Handing off cudaImage object to OpenCV CUDA function? (expects CV::MAT)

I’m creating a computer vision application of sorts and for one of the features (besides object recognition which functions perfectly) I need to do motion detection. I use OpenCV for this.

I have it functioning perfectly if I use jetson.utils (python, by the way) to crop the image and then hand it off via jetson.utils.cudaToNumpy() to create the numpy array OpenCV needs.

But, the following functions of OpenCV I use (equalizehist, absdif, threshold, dilate, etc.) all run on CPU and I think that’s a waste of performance. These functions are all available on GPU/CUDA as well, but they require a CV::MAT object instead of a Numpy array. Without all sorts of matrix conversions and copy between GPU and CPU RAM, is there a way to hand off pointer to the cudaImage object as a CV::MAT? Or is there some conversion available that does the work in GPU?

I can’t find anything in the documentation about this, nor on the forum. I must be missing something because I wouldnt believe I would be the first person doing this… ;)

Hi @willemvdkletersteeg, do you mean using the C++ interface of OpenCV with cv::Mat? I have only seen numpy arrays used with cv2 from Python. If there is a cv::Mat in Python, I bet there is also a way to create it from the numpy array.

If you are using cv::Mat in C++, you should be able to create it from the CUDA pointer like so:

cv::Mat cv_image(cv::Size(imgWidth, imgHeight), CV_8UC3, imgCUDA);

Since images are allocated in jetson-inference in shared CPU/GPU memory, you can use the CUDA pointer directly on the CPU.

If you want to investigate cv::GpuMat from jetson-utils; you may check this topic.
Note that there would be no automatic translation to cuda processing on GPU, you would have to adapt your processing rewriting with opencv cuda.
Also note that cuda backend only provides a subset of opencv CPU functions, when available the API may differ, and when API is similar the results may also differ. But if you get it working it may be faster.

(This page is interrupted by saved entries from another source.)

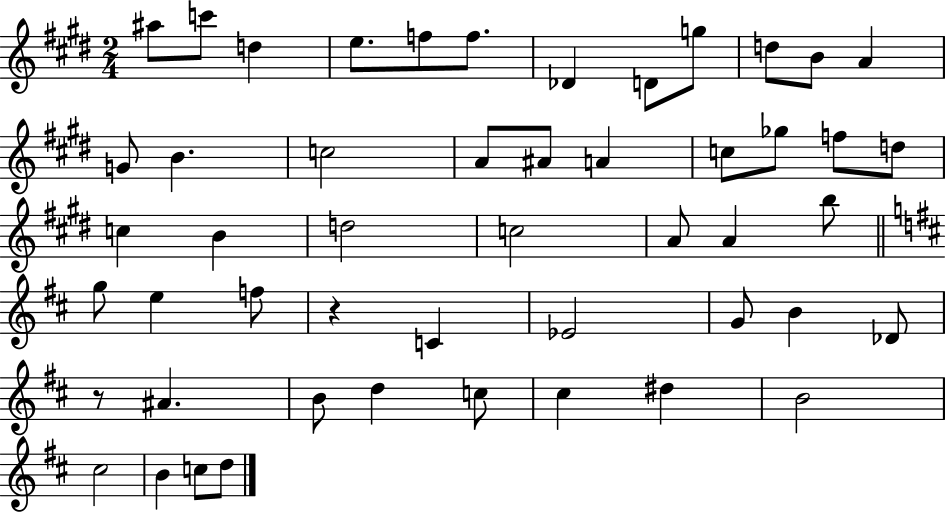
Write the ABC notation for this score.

X:1
T:Untitled
M:2/4
L:1/4
K:E
^a/2 c'/2 d e/2 f/2 f/2 _D D/2 g/2 d/2 B/2 A G/2 B c2 A/2 ^A/2 A c/2 _g/2 f/2 d/2 c B d2 c2 A/2 A b/2 g/2 e f/2 z C _E2 G/2 B _D/2 z/2 ^A B/2 d c/2 ^c ^d B2 ^c2 B c/2 d/2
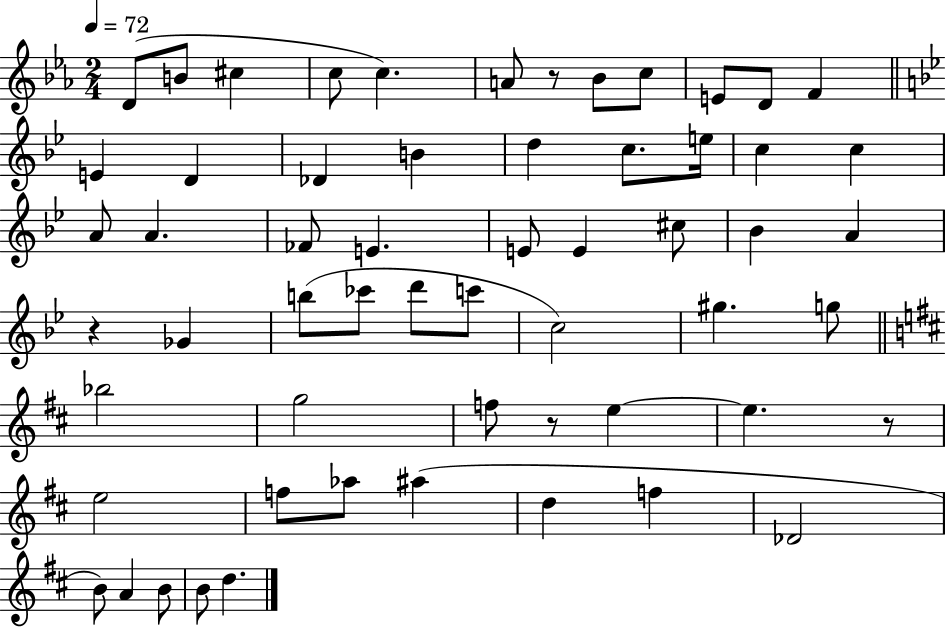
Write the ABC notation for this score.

X:1
T:Untitled
M:2/4
L:1/4
K:Eb
D/2 B/2 ^c c/2 c A/2 z/2 _B/2 c/2 E/2 D/2 F E D _D B d c/2 e/4 c c A/2 A _F/2 E E/2 E ^c/2 _B A z _G b/2 _c'/2 d'/2 c'/2 c2 ^g g/2 _b2 g2 f/2 z/2 e e z/2 e2 f/2 _a/2 ^a d f _D2 B/2 A B/2 B/2 d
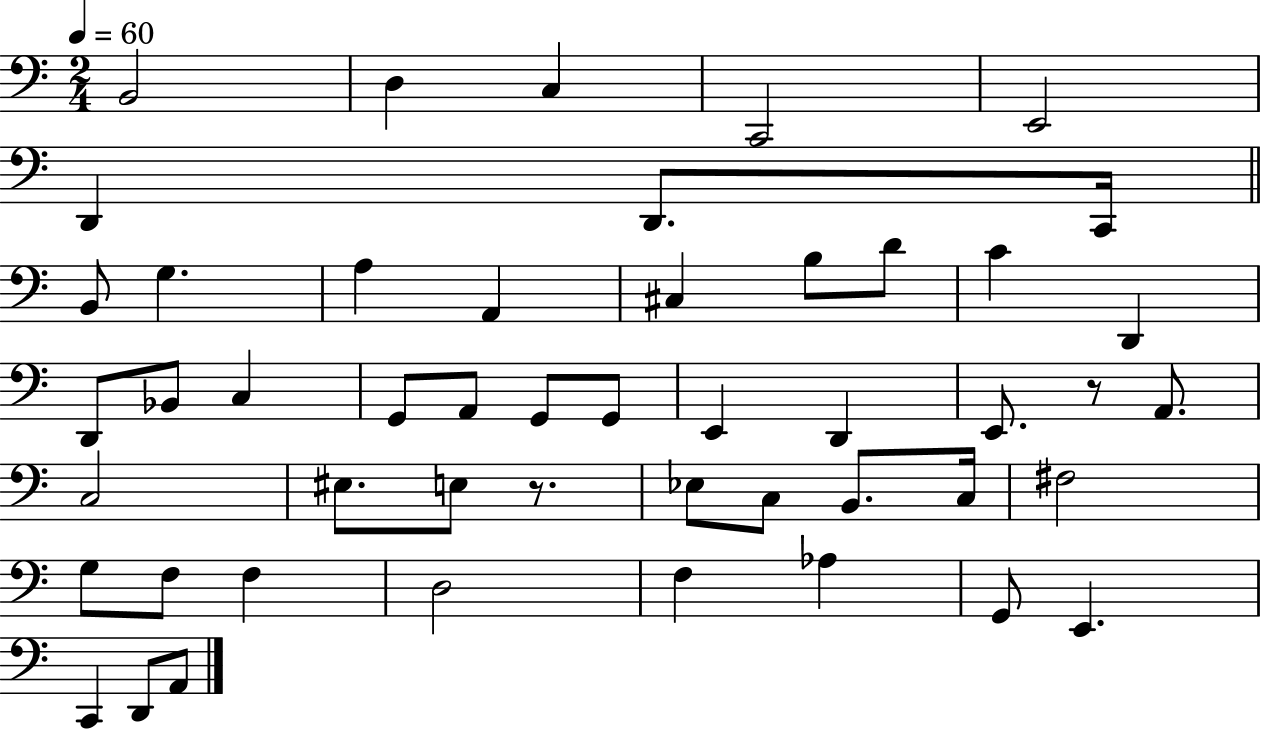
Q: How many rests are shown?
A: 2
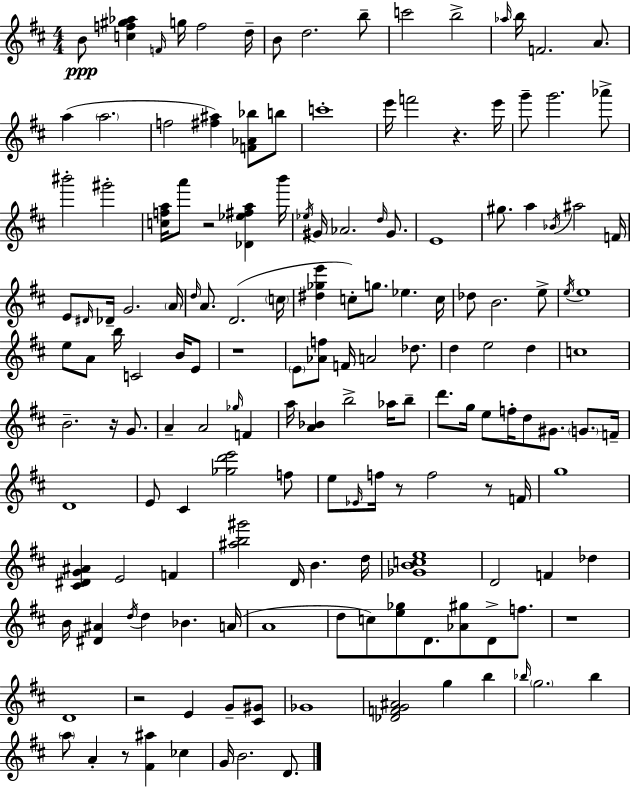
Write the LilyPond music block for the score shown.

{
  \clef treble
  \numericTimeSignature
  \time 4/4
  \key d \major
  b'8\ppp <c'' f'' gis'' aes''>4 \grace { f'16 } g''16 f''2 | d''16-- b'8 d''2. b''8-- | c'''2 b''2-> | \grace { aes''16 } b''16 f'2. a'8. | \break a''4( \parenthesize a''2. | f''2 <fis'' ais''>4) <f' aes' bes''>8 | b''8 c'''1-. | e'''16 f'''2 r4. | \break e'''16 g'''8-- g'''2. | aes'''8-> bis'''2-. gis'''2-. | <c'' f'' a''>16 a'''8 r2 <des' ees'' fis'' a''>4 | b'''16 \acciaccatura { ees''16 } gis'16 aes'2. | \break \grace { d''16 } gis'8. e'1 | gis''8. a''4 \acciaccatura { bes'16 } ais''2 | f'16 e'8 \grace { dis'16 } des'16-- g'2. | \parenthesize a'16 \grace { d''16 } a'8. d'2.( | \break \parenthesize c''16 <dis'' ges'' e'''>4 c''8-.) g''8. | ees''4. c''16 des''8 b'2. | e''8-> \acciaccatura { e''16 } e''1 | e''8 a'8 b''16 c'2 | \break b'16 e'8 r1 | \parenthesize e'8 <aes' f''>8 f'16 a'2 | des''8. d''4 e''2 | d''4 c''1 | \break b'2.-- | r16 g'8. a'4-- a'2 | \grace { ges''16 } f'4 a''16 <a' bes'>4 b''2-> | aes''16 b''8-- d'''8. g''16 e''8 f''16-. | \break d''8 gis'8. \parenthesize g'8. f'16-- d'1 | e'8 cis'4 <ges'' d''' e'''>2 | f''8 e''8 \grace { ees'16 } f''16 r8 f''2 | r8 f'16 g''1 | \break <cis' dis' g' ais'>4 e'2 | f'4 <ais'' b'' gis'''>2 | d'16 b'4. d''16 <ges' b' c'' e''>1 | d'2 | \break f'4 des''4 b'16 <dis' ais'>4 \acciaccatura { d''16 } | d''4 bes'4. a'16( a'1 | d''8 c''8) <e'' ges''>8 | d'8. <aes' gis''>8 d'8-> f''8. r1 | \break d'1 | r2 | e'4 g'8-- <cis' gis'>8 ges'1 | <des' f' g' ais'>2 | \break g''4 b''4 \grace { bes''16 } \parenthesize g''2. | bes''4 \parenthesize a''8 a'4-. | r8 <fis' ais''>4 ces''4 g'16 b'2. | d'8. \bar "|."
}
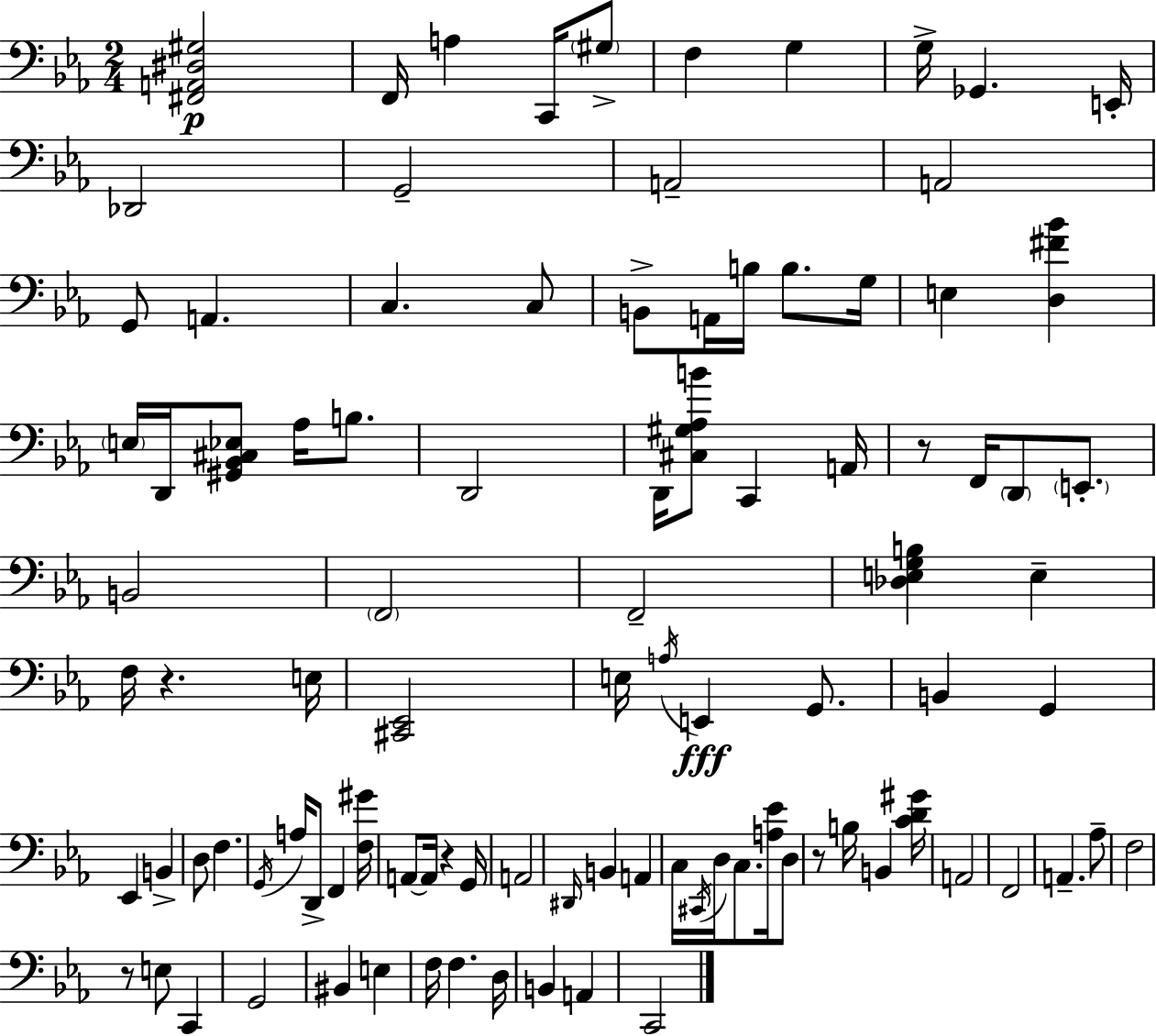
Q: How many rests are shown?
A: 5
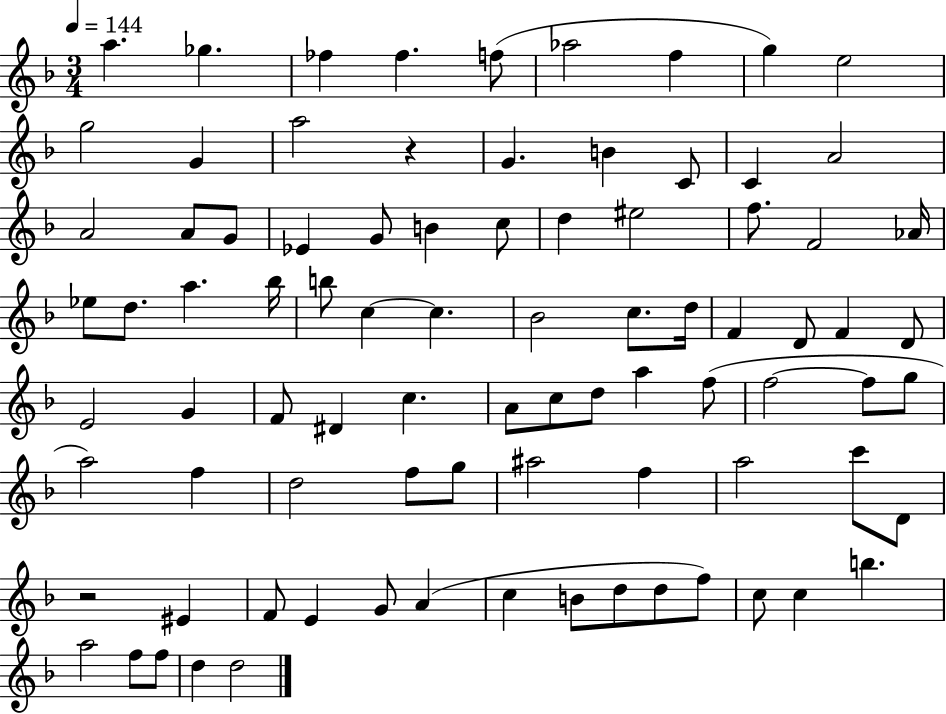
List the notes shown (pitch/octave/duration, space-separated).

A5/q. Gb5/q. FES5/q FES5/q. F5/e Ab5/h F5/q G5/q E5/h G5/h G4/q A5/h R/q G4/q. B4/q C4/e C4/q A4/h A4/h A4/e G4/e Eb4/q G4/e B4/q C5/e D5/q EIS5/h F5/e. F4/h Ab4/s Eb5/e D5/e. A5/q. Bb5/s B5/e C5/q C5/q. Bb4/h C5/e. D5/s F4/q D4/e F4/q D4/e E4/h G4/q F4/e D#4/q C5/q. A4/e C5/e D5/e A5/q F5/e F5/h F5/e G5/e A5/h F5/q D5/h F5/e G5/e A#5/h F5/q A5/h C6/e D4/e R/h EIS4/q F4/e E4/q G4/e A4/q C5/q B4/e D5/e D5/e F5/e C5/e C5/q B5/q. A5/h F5/e F5/e D5/q D5/h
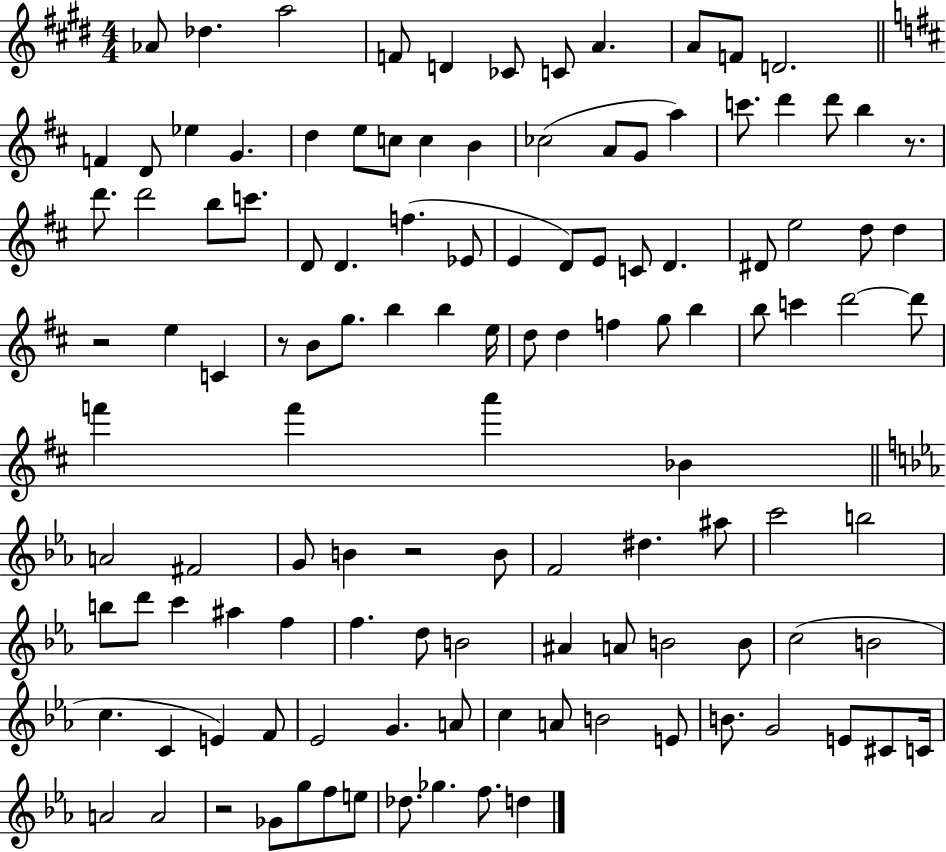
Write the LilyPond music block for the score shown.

{
  \clef treble
  \numericTimeSignature
  \time 4/4
  \key e \major
  aes'8 des''4. a''2 | f'8 d'4 ces'8 c'8 a'4. | a'8 f'8 d'2. | \bar "||" \break \key b \minor f'4 d'8 ees''4 g'4. | d''4 e''8 c''8 c''4 b'4 | ces''2( a'8 g'8 a''4) | c'''8. d'''4 d'''8 b''4 r8. | \break d'''8. d'''2 b''8 c'''8. | d'8 d'4. f''4.( ees'8 | e'4 d'8) e'8 c'8 d'4. | dis'8 e''2 d''8 d''4 | \break r2 e''4 c'4 | r8 b'8 g''8. b''4 b''4 e''16 | d''8 d''4 f''4 g''8 b''4 | b''8 c'''4 d'''2~~ d'''8 | \break f'''4 f'''4 a'''4 bes'4 | \bar "||" \break \key ees \major a'2 fis'2 | g'8 b'4 r2 b'8 | f'2 dis''4. ais''8 | c'''2 b''2 | \break b''8 d'''8 c'''4 ais''4 f''4 | f''4. d''8 b'2 | ais'4 a'8 b'2 b'8 | c''2( b'2 | \break c''4. c'4 e'4) f'8 | ees'2 g'4. a'8 | c''4 a'8 b'2 e'8 | b'8. g'2 e'8 cis'8 c'16 | \break a'2 a'2 | r2 ges'8 g''8 f''8 e''8 | des''8. ges''4. f''8. d''4 | \bar "|."
}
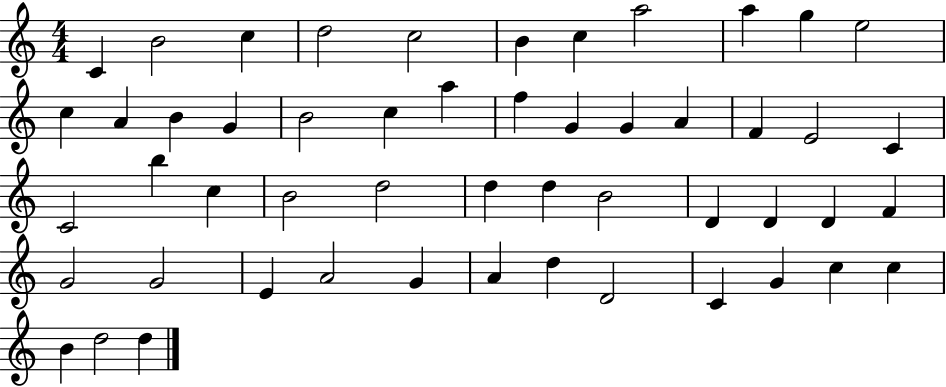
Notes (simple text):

C4/q B4/h C5/q D5/h C5/h B4/q C5/q A5/h A5/q G5/q E5/h C5/q A4/q B4/q G4/q B4/h C5/q A5/q F5/q G4/q G4/q A4/q F4/q E4/h C4/q C4/h B5/q C5/q B4/h D5/h D5/q D5/q B4/h D4/q D4/q D4/q F4/q G4/h G4/h E4/q A4/h G4/q A4/q D5/q D4/h C4/q G4/q C5/q C5/q B4/q D5/h D5/q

Thank you both for your response. Much appreciated. As said, I work in Python. But I may not have been clear what I’m trying to do. Excuse me. This is the code that currently works like a charm: (as in: it produces the results I want)

subFrame = jetson.utils.cudaAllocMapped(width=area.width, height=area.height, format=frame.format)
jetson.utils.cudaCrop(frame, subFrame, area.roi)

# First convert the frame (in GPU memory) to something OpenCV can use
cvFrame = jetson.utils.cudaAllocMapped(width=frame.width, height=frame.height, format="bgr8")

# TODO: convert to grayscale with CUDA/in GPU MEM?
jetson.utils.cudaConvertColor(frame, cvFrame)

# make sure the GPU is done working before we convert to cv2
jetson.utils.cudaDeviceSynchronize()

# convert to cv2 image (cv2 images are numpy arrays)
cvFrame = jetson.utils.cudaToNumpy(cvFrame)

# Convert to grayscale - TODO: do this sooner in the process
cvFrame = cv2.cvtColor(cvFrame, cv2.COLOR_BGR2GRAY)
cvFrame = cv2.equalizeHist(cvFrame)

frameDelta = cv2.absdiff(area.previous_frame, cvFrame)
thresh = cv2.threshold(frameDelta, 128, 255, cv2.THRESH_BINARY)
thresh = cv2.dilate(thresh, None, iterations=2)

But I have to run this every single frame (albeit, the regions that are cropped to are quite small) so I would like to optimize this and run everything in/on GPU. The OpenCV functions that I use are - as far as I know - all available in CUDA. So I wanted to change it to:

subFrame = jetson.utils.cudaAllocMapped(width=area.width, height=area.height, format=frame.format)
jetson.utils.cudaCrop(frame, subFrame, area.roi)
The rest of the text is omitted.